Given the gateway/gRPC documentation, we know INVALID_ARGUMENT can be raised, for example, if:
• variable payloads are not valid JSON (or root is not an object),
• some argument combinations are not allowed for a given RPC,
• or there’s some listener-specific validation failing.

However, from the outside we only see a very generic Listener failed: INVALID_ARGUMENT and no concrete reason.

  1. Questions for the Camunda experts:

  2. Recommended configuration for user task listeners under load:
    • With a custom user task listener worker and 3k+ active tasks / 30+ concurrent users, is increasing maxParallelJobs from 30 to 100 a reasonable approach?
    • Are there recommended or typical ranges for:
    • maxParallelJobs / maxJobsToActivate,
    • request timeouts,
    • and other relevant worker options.
    • Could a too-high maxParallelJobs lead to contention or blocking that manifests as slowness on the Orchestration APIs(assign/complete)?

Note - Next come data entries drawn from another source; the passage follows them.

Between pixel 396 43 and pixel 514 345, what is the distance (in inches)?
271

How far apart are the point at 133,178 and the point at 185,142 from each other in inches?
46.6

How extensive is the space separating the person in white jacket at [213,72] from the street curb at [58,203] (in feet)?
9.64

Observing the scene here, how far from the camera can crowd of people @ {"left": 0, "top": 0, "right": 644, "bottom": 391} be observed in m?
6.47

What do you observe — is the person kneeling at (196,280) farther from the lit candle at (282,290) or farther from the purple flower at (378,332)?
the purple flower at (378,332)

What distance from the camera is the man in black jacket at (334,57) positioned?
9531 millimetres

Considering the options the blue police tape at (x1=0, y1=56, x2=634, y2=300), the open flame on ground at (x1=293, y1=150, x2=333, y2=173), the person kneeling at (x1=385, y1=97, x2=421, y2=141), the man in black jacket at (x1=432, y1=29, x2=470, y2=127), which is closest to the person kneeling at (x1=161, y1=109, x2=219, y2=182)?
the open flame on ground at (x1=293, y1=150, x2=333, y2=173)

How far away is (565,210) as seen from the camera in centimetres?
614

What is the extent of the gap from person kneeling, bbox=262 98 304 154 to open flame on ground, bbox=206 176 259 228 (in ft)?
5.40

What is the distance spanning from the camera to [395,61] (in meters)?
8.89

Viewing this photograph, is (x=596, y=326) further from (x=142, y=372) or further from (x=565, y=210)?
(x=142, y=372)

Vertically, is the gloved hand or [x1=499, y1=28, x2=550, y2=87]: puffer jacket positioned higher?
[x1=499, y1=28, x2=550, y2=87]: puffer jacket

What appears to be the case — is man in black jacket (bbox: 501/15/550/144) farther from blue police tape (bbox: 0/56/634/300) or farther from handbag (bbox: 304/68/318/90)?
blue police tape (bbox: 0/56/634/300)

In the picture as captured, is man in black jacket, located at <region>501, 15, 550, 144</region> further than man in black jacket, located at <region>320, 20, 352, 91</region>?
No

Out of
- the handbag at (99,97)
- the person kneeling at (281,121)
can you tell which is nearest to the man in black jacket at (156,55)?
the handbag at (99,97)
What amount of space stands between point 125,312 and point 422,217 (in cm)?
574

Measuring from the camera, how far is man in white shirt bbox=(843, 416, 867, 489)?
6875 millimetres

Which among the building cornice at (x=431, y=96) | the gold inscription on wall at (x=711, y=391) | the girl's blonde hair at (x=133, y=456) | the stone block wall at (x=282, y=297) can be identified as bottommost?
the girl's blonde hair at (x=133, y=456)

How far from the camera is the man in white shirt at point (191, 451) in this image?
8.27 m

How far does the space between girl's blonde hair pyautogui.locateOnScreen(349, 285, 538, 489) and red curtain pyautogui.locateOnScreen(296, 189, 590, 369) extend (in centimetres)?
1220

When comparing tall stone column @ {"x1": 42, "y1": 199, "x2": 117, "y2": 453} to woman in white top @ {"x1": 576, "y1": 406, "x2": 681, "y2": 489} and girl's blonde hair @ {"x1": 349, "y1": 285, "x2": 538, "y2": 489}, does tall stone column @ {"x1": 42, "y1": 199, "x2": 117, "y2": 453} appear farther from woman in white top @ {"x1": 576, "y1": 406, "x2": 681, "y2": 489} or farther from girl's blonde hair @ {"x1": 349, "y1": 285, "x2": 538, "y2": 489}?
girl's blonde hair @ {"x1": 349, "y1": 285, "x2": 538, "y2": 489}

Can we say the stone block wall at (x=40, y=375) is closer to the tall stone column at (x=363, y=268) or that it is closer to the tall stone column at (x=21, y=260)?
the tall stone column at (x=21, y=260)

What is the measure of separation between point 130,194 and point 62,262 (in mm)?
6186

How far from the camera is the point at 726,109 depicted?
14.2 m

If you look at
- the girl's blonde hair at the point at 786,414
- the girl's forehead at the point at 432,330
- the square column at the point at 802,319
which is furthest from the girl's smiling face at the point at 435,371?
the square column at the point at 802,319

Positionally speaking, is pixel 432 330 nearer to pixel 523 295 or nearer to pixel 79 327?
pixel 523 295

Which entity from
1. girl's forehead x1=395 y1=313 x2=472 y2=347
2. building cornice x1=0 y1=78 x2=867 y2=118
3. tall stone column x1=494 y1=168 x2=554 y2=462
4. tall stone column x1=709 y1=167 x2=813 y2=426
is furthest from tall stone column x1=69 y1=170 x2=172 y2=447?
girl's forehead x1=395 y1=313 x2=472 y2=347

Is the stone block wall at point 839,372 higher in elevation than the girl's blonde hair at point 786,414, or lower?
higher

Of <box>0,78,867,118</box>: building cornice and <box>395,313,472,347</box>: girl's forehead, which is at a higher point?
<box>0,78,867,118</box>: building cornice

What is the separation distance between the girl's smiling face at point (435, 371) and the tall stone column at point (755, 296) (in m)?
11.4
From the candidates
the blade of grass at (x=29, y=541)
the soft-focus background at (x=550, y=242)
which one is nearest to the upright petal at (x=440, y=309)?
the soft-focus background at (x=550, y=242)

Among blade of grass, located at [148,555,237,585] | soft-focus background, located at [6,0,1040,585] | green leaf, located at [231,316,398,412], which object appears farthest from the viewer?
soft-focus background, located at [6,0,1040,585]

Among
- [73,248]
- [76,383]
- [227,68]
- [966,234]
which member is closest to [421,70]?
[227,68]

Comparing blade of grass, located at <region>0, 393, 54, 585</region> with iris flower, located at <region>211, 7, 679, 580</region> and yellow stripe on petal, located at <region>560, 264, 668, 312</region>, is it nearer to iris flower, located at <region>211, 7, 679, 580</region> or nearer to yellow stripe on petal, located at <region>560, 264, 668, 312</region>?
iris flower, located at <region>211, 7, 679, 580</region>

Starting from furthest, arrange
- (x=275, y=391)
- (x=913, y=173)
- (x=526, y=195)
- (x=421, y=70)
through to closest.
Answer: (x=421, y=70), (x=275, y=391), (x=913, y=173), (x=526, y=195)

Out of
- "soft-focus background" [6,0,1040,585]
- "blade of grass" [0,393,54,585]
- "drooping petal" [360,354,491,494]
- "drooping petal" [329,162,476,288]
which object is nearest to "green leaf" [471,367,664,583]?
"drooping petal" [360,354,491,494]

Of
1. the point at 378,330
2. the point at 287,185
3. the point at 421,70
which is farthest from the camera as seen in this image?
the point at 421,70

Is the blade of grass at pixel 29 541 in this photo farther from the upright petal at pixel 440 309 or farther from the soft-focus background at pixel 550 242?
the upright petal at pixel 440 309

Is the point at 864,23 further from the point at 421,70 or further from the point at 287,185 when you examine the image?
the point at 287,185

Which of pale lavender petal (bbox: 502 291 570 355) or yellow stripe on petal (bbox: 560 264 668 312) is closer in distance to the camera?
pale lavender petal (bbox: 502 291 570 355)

  3. Understanding and handling DEADLINE_EXCEEDED from Orchestration APIs:
    • From the docs, we understand that 504 / DEADLINE_EXCEEDED can occur when:
    • the gateway to broker communication times out, or
    • user task listeners for that lifecycle event do not complete within the request timeout.
    • In a setup with user task listeners:
    • Is there a recommended timeout setting or pattern for Orchestration API calls that depend on listeners?
    • At what point is it more appropriate to return quickly and poll for completion, versus waiting for the listeners to finish in the same HTTP request?

  4. Diagnosing “Listener failed: INVALID_ARGUMENT”
    • Where exactly should we expect detailed logs for this kind of error? Some specific logger name / category related to task or user task listeners?
    • Is there any way to get more structured error details (e.g. which field was invalid, or the specific gRPC method and reason) when a listener fails with INVALID_ARGUMENT?
    • Are there common causes for INVALID_ARGUMENT in the context of user task listeners that we should double-check (for example, invalid JSON variables in SetVariables, unsupported listener configurations, etc.)?

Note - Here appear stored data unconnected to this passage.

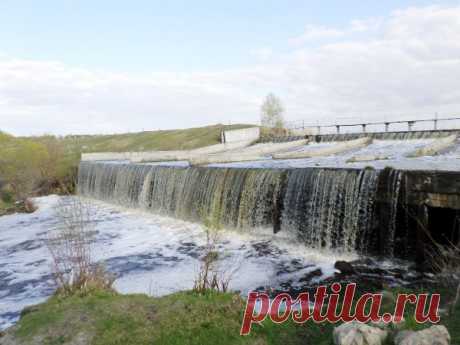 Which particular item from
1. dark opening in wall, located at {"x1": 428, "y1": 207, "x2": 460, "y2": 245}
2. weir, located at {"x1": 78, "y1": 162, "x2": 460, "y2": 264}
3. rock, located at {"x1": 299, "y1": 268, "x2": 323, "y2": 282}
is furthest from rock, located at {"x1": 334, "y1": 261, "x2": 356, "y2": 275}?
dark opening in wall, located at {"x1": 428, "y1": 207, "x2": 460, "y2": 245}

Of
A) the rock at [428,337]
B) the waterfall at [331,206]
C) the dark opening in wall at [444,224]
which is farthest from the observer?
the waterfall at [331,206]

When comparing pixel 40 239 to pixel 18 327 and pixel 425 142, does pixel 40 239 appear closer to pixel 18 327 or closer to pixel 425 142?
pixel 18 327

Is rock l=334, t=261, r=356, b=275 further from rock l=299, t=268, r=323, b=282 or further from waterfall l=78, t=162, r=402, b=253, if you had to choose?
waterfall l=78, t=162, r=402, b=253

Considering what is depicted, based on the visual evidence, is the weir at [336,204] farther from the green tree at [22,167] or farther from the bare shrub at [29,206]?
the green tree at [22,167]

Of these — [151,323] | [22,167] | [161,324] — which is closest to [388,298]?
[161,324]

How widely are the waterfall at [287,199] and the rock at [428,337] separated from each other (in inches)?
136

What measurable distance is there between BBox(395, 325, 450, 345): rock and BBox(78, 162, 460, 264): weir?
9.15 ft

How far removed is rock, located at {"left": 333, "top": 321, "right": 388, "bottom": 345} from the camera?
344 cm

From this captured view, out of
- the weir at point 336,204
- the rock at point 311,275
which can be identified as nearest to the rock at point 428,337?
the weir at point 336,204

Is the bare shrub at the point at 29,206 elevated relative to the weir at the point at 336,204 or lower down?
lower down

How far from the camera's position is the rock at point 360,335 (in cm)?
344

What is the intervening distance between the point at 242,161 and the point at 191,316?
18.3 m

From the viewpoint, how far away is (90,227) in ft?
45.0

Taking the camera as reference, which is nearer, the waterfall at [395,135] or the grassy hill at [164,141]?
the waterfall at [395,135] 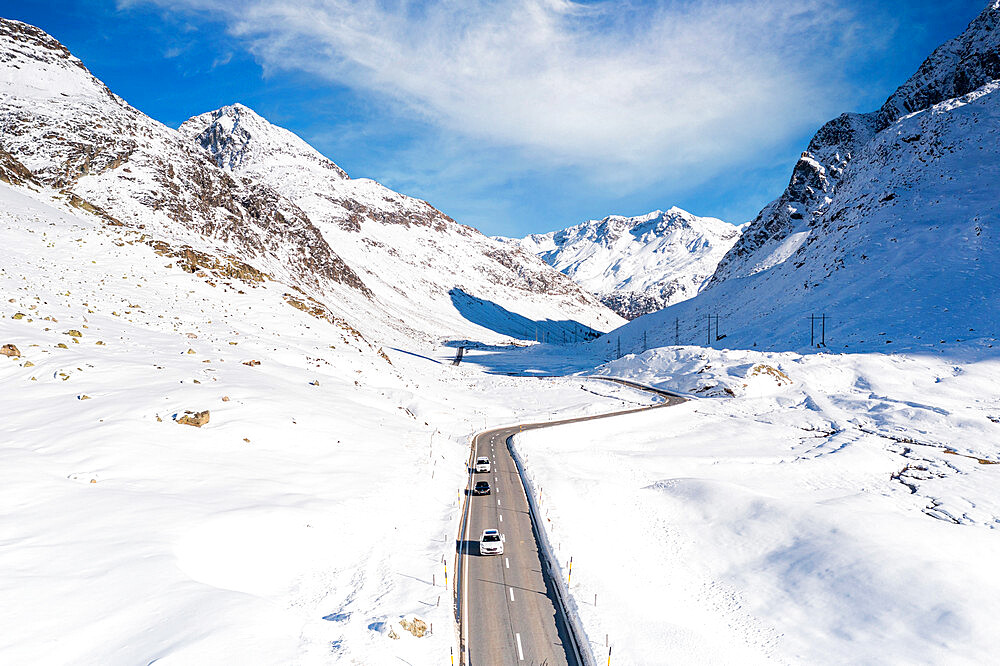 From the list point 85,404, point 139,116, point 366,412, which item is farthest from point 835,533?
point 139,116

  5. Best practices for high-throughput user task operations:
    • For this architecture (custom tasklist, local DB, user task listeners + Orchestration APIs):
    • Are there any best-practice examples or reference configurations for:
    • listener worker concurrency,
    • gateway/broker timeout settings,
    • and Orchestration API timeouts.
    • Any advice on patterns to avoid that are known to cause slowdowns, e.g. heavy logic inside listeners, large variable payloads on assignment/completion, etc.?

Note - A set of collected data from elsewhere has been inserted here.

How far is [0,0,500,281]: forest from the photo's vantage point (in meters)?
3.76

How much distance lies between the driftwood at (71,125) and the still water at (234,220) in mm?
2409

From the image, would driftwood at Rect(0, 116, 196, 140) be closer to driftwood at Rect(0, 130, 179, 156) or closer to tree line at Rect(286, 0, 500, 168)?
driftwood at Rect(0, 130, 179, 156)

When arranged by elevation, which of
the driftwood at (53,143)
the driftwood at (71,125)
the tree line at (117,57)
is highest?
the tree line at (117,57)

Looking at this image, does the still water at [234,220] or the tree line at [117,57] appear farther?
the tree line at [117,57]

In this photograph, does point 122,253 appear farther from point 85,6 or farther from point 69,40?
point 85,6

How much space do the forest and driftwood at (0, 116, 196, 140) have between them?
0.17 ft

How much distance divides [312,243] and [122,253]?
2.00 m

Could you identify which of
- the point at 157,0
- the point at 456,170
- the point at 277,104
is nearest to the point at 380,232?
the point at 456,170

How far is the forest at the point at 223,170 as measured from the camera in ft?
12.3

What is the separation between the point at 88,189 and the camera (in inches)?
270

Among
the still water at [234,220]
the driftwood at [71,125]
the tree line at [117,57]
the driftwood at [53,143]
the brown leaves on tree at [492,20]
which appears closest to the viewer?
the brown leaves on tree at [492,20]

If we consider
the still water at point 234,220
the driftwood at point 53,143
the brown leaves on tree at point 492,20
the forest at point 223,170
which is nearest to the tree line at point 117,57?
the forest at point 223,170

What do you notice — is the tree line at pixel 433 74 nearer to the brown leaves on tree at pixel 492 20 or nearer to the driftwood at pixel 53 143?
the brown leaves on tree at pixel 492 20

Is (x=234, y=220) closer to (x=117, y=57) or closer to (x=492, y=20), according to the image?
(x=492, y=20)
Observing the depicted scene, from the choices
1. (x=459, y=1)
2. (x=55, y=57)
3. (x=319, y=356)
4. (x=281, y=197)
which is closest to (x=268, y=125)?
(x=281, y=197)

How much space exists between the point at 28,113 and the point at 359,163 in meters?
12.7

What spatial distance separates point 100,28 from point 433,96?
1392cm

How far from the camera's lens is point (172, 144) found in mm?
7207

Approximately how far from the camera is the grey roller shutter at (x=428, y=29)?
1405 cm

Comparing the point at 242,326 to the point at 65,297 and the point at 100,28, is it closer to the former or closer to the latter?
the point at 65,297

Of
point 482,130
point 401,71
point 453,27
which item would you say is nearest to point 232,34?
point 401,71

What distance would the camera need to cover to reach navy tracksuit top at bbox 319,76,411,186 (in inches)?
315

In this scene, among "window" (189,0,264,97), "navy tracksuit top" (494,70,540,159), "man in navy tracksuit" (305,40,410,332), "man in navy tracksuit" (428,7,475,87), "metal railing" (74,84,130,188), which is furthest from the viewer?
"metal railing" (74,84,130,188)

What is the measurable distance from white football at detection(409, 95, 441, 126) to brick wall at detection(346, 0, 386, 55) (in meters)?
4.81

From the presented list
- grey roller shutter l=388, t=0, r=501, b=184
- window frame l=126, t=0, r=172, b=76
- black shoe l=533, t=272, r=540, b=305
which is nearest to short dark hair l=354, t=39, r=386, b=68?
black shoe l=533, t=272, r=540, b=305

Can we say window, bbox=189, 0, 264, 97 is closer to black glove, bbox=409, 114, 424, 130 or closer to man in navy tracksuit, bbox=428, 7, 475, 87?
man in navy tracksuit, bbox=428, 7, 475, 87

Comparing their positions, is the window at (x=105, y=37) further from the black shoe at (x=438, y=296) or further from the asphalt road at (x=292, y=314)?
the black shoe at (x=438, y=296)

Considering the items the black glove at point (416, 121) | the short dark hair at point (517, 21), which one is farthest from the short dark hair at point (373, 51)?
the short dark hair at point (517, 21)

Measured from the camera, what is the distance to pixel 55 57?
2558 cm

If more information (config snippets, exact error payloads, topology, etc.) would help, I’m happy to share that as well.
Thank you in advance for any guidance.

This is a comprehensive performance tuning question for User Task Listeners under load with specific DEADLINE_EXCEEDED and INVALID_ARGUMENT errors. I found the following relevant resources:

Does this help? If not, can anyone from the community jump in? :waving_hand:


:light_bulb: Hints: Use the Ask AI feature in Camunda’s documentation to chat with AI and get fast help. Report bugs and features in Camuda’s GitHub issue tracker. Trust the process. :robot:

Tuning is as much an art as it is a science.
I would recommend opening a support ticket with Camunda rather that trying to get advice from the other users on the forum here.

Thanks for the input.

I’m aware that proper tuning often needs deep, context-specific analysis, and opening a support ticket is definitely on the table. That said, this is exactly the sort of problem where real-world experience from other users can be extremely valuable as well.
So while I appreciate the “open a ticket” suggestion, I’m still looking for community members who are willing to share what worked (or didn’t) in practice, beyond the generic “contact support.”